I always imagined that they were vampires rather than zombies, the photographs which at times portrays them as haunting apparitions seem to be a nod to the myth that vampires cannot be recorded by camera.
That was my first impression too. They also appear as demons or wraiths sometimes, so i think the filmmakers wanted to make it less clear what exactly the creatures were.
This is very late, but I agree. I just watched the movie, and they seem intelligent. They block off one phone and then target and surround the church, which is the only other place that has a phone. They even set up an ambush. And finally, the Churel. In India and places in the surrounding Middle East, there's a myth of a type of vampire called the Churel that has an unnaturally long tongue, just like the one photo of a similar creature in the film.
I think the ending is very politically steeped in the culture of the Southwest. As immigrants attempt to cross the border into the US they have to pass through some of the worst and deadliest terrain in the Southwest and their bodies often go missing. So perhaps, the disappearance of the body only for it to reappear in the mountains is a nod to that. That's just my interpretation.

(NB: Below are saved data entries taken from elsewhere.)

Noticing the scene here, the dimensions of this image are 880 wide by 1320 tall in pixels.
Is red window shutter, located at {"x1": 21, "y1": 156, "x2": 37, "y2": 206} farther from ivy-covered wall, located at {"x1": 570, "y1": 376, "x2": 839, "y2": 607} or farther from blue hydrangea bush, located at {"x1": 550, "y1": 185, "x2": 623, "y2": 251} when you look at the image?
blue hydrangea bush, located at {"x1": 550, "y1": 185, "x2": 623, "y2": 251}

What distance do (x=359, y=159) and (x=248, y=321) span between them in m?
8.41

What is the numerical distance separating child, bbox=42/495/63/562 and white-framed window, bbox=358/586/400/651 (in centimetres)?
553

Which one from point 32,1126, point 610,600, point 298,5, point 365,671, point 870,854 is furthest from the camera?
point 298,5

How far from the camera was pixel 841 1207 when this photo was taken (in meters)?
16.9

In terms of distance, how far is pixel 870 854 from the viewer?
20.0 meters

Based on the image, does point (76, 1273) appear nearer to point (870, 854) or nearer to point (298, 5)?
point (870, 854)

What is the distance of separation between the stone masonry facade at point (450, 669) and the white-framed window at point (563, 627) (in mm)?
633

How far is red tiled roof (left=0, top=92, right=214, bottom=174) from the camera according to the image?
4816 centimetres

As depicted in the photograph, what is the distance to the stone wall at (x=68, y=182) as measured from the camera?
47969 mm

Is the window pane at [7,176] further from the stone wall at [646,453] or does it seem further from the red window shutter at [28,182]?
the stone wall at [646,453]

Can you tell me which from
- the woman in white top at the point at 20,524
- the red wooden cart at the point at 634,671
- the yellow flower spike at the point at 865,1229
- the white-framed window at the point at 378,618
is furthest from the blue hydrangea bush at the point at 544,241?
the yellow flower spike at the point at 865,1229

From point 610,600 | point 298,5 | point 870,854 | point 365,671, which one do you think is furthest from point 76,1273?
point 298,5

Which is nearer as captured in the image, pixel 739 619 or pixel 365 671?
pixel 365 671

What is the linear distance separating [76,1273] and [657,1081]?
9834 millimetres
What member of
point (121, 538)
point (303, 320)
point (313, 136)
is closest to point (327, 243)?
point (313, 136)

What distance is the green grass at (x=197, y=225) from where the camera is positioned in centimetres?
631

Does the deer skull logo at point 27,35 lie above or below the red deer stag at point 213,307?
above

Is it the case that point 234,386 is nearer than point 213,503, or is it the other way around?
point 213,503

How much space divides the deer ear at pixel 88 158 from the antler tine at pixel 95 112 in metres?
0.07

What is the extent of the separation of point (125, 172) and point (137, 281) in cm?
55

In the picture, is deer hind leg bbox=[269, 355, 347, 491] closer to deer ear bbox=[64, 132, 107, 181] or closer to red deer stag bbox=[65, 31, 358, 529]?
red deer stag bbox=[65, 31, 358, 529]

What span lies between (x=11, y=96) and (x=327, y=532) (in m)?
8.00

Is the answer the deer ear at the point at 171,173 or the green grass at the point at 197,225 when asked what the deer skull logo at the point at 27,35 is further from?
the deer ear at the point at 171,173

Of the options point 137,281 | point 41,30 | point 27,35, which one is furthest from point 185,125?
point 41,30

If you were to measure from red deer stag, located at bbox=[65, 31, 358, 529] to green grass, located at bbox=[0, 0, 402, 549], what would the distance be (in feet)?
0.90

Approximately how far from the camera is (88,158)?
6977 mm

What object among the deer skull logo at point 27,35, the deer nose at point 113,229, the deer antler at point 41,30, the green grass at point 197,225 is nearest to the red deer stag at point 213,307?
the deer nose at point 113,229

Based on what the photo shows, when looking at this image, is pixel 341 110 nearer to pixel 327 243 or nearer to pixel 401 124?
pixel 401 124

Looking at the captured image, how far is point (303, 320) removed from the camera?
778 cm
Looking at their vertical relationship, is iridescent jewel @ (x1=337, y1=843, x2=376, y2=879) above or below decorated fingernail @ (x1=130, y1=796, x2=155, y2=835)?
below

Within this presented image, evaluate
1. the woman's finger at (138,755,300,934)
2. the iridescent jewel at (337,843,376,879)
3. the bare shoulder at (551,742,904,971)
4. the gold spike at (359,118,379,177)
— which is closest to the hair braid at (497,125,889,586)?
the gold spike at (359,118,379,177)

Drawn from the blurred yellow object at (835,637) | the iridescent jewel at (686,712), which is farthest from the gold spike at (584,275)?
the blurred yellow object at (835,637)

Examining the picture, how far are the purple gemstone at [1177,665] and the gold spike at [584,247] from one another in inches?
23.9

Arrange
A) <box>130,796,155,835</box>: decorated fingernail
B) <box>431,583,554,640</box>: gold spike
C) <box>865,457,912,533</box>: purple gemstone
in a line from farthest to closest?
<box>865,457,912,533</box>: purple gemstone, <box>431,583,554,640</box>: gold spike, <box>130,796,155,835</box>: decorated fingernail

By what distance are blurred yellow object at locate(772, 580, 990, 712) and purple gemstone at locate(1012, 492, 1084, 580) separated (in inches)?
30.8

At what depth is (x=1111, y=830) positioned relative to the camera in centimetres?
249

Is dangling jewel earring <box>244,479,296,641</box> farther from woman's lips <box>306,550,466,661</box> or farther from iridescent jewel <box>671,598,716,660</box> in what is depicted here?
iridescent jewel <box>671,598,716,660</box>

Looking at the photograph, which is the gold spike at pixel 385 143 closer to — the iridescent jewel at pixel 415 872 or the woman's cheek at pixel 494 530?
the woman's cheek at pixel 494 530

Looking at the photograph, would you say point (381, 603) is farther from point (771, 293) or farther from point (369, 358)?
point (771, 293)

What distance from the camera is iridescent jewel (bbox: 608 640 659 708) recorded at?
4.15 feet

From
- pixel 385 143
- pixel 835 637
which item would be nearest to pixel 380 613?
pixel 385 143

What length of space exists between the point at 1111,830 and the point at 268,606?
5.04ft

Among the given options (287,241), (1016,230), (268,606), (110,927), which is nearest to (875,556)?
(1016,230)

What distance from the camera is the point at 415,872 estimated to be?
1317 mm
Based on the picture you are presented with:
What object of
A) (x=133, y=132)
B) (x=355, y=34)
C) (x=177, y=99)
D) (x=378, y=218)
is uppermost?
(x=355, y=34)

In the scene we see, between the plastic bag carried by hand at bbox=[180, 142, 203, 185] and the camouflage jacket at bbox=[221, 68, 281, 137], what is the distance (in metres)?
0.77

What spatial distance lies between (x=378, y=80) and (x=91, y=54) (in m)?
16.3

I agree. I feel like the paranoia of living in such a remote area with unknown dangers. The people of the town did a lot to protect each other including Salazar, but living somewhere like that if something happens to you theres no assurance that anyone will know and you might as well have been dragged into the desert never to be seen again.
Ooh, a different take on the Found Footage/Evidence genre but a welcome one! Instead of seeing events played out in full, we only get these frenzied, frozen moments of capture, immortalized horror. It adds not only a deeper mystery element to the whole ordeal, but an even greater sense of dread and despair to it by gaining an *idea* of what had occurred but without actually seeing it. 📷💀
The picture from 0:19 is by far the most frightening to me. Something about how ominous the picture is for the events to come. And it’s strange, but the way the arms appear to be stretched out gives an off putting stature to me. Like how the creatures are running with a flailing motion. Not to mention how spread out they are.
I like how this film takes place in the aftermath of the event. It unique in that way, the people need someone to blame evidence be damned, we don’t really know what happens and nothing adds up and when listening to everything before the photos and other things you can feel something not right. The only time we get a glimpse of the event is the photo and they are truly horrifying. They show what truly happened,it doesn’t feel cheesy or overdone. Just the photos and your own mind.
This movie is an absolute gem. It was never even close to released in my country so I literally spent about two years trying to find it somewhere until I finally found it. And all that expectation I built up for years? Absolutely paid off. Such a creepy little movie.
17:48 I didn't see it as him sacrificing his family, more like killing them to prevent them from being eaten alive by the zombies. A sort of mercy killing. Similar to the people who jumped off the water tower.
Love love love this movie. I've been trying to get more people to watch it. Im still not convinced those are just normal zombies. They look very demonic at times.
In some ways, this movie was way ahead of its time with how insanely popular things like Analog Horror have become. If this were released today it would've been a hit.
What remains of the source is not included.